Astrophysics PhD

Research

Some galaxies harbour a supermassive black hole at their centre that is actively pulling in surrounding matter. As matter falls in, enormous amounts of energy are released — and in the most extreme cases, a narrow beam of plasma is ejected at close to the speed of light. This beam, called a jet, can reach hundreds of thousands of light-years into intergalactic space.

These objects are called Active Galactic Nuclei (AGN). M87, shown in the video below, is one of the most studied: its jet was first observed over a century ago, and in 2019 it became the host of the first black hole ever directly imaged.

My research asks: what happens inside these jets to produce such violent, short-lived bursts of radiation? The source can brighten by orders of magnitude in a matter of hours — simultaneously across radio, optical, X-ray, and gamma-ray bands. The goal is to build a physical model that reproduces this behaviour and can be tested against real telescope measurements.

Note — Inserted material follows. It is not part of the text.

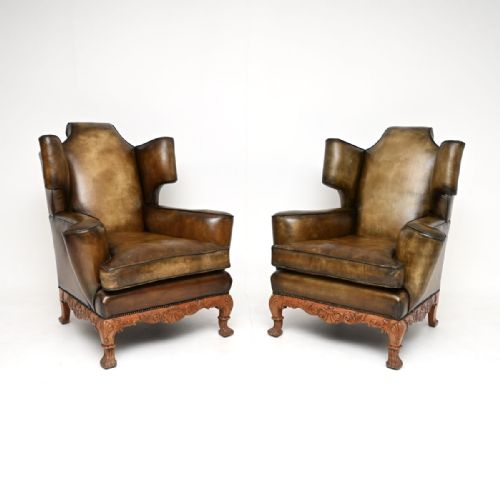 Pair of Antique Leather Wing Back Armchairs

This video zooms into galaxy M87 using real visible light, X-ray and radio images of the galaxy, its jet of high-speed particles, and the shadow of its central black hole — the type of object this research is about. Credit: NASA's Goddard Space Flight Center.

The research problem

Problem

AGN jets produce sudden, intense flares visible across all wavelengths at once. What physical mechanism inside the jet triggers these events, and can it be predicted?

Approach

Simulate the jet numerically, compute the radiation it would produce at each frequency band, and compare the synthetic output against real telescope measurements.

Outputs

Predicted time-series light curves and resolved spatial maps, validated against independent multi-instrument observational data.

How the model works

A fast-moving disturbance travels down the jet and collides with a stationary compression region. The collision accelerates particles, which then radiate across the full electromagnetic spectrum — producing the observed multi-band flare.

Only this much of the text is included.